*** Opening Study material ***

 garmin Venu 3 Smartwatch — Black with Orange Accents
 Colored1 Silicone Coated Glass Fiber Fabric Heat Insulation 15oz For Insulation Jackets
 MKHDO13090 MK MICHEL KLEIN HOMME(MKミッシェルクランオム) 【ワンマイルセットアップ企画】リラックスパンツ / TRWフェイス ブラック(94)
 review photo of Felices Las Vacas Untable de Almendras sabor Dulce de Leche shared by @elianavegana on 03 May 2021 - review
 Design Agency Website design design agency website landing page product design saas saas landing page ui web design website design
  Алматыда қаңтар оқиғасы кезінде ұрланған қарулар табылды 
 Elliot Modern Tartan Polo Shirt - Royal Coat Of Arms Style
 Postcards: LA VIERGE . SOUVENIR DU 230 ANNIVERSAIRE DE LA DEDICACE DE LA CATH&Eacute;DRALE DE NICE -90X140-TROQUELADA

*** Closing Study material ***
*** Opening Study material ***

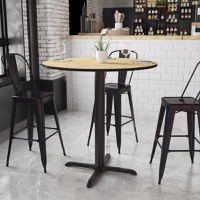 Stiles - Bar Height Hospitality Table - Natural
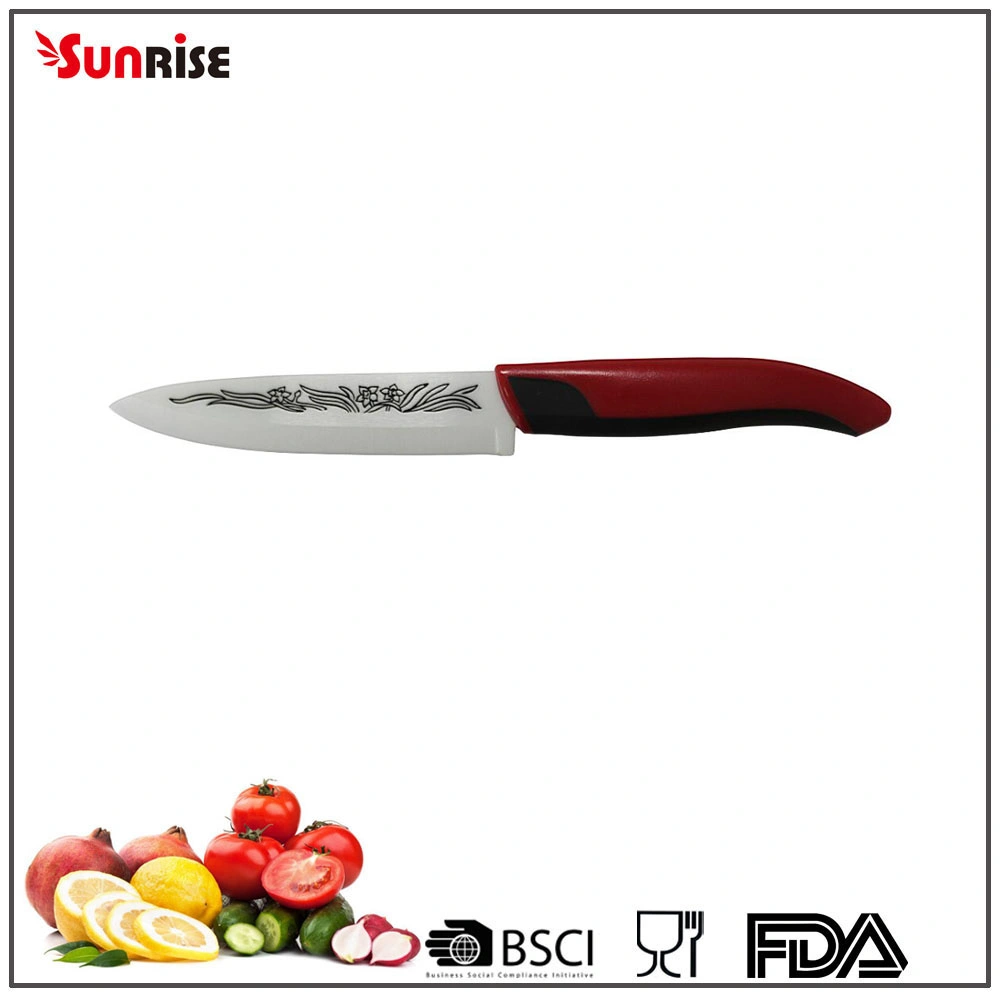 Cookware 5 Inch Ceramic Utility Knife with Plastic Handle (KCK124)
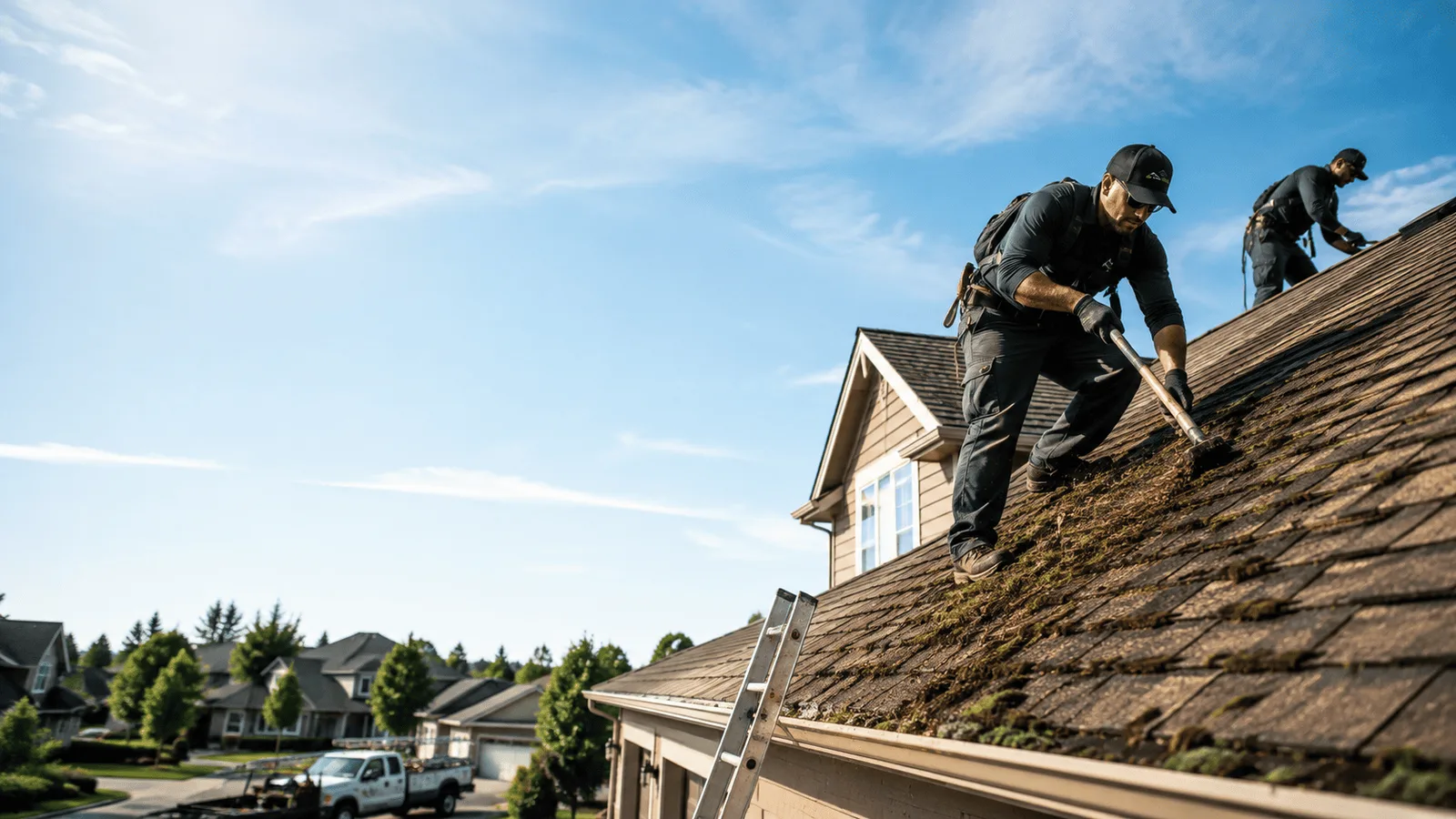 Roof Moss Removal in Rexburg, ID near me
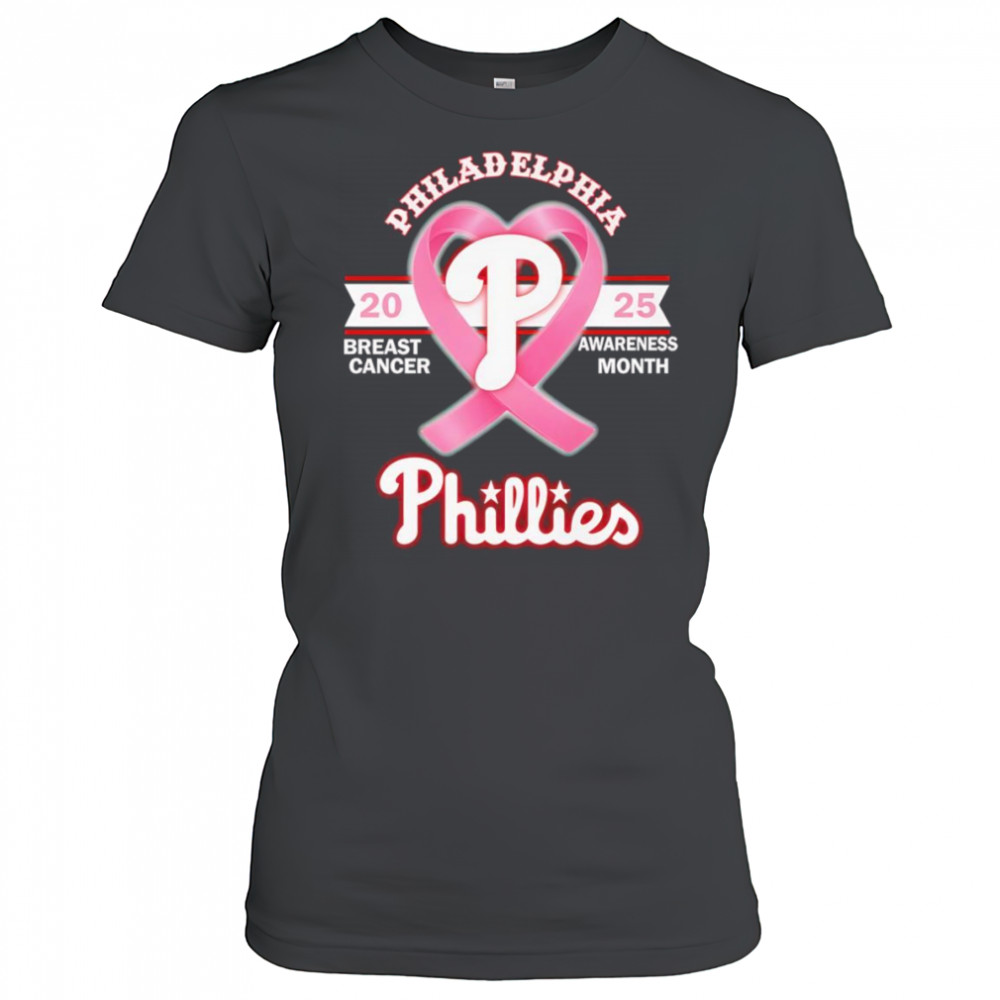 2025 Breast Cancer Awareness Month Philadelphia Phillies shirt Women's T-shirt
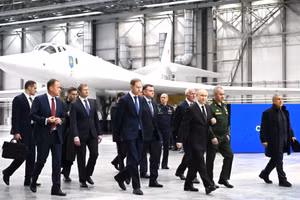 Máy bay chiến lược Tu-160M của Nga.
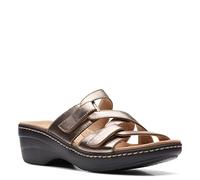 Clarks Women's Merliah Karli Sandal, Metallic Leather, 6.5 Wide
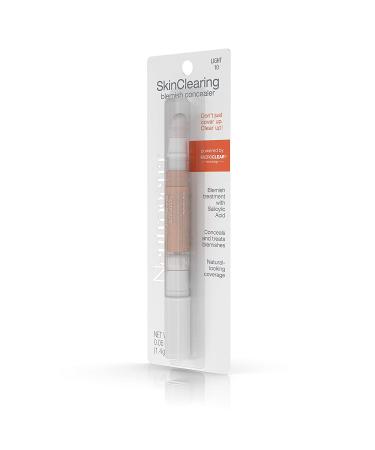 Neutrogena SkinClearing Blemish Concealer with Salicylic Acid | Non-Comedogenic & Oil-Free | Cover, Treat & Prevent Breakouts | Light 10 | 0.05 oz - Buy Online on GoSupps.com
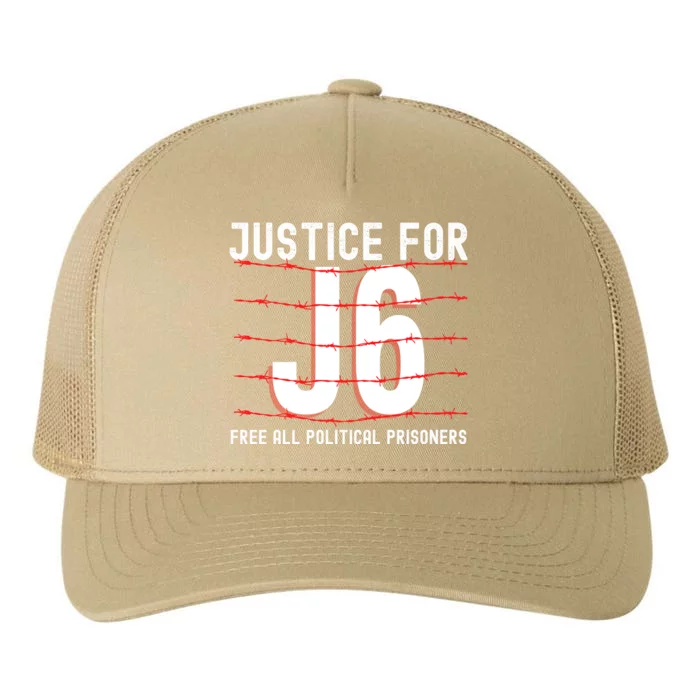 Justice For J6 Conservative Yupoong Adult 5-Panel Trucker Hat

*** Closing Study material ***

_What is needed_:
Look above for the line with "Clarks Women's Merliah" and the line with "Justice For J6", then copy them and all lines in between exactly as written, and only those, without any pictures.

_Solved exercise_:
 Clarks Women's Merliah Karli Sandal, Metallic Leather, 6.5 Wide
 Neutrogena SkinClearing Blemish Concealer with Salicylic Acid | Non-Comedogenic & Oil-Free | Cover, Treat & Prevent Breakouts | Light 10 | 0.05 oz - Buy Online on GoSupps.com
 Justice For J6 Conservative Yupoong Adult 5-Panel Trucker Hat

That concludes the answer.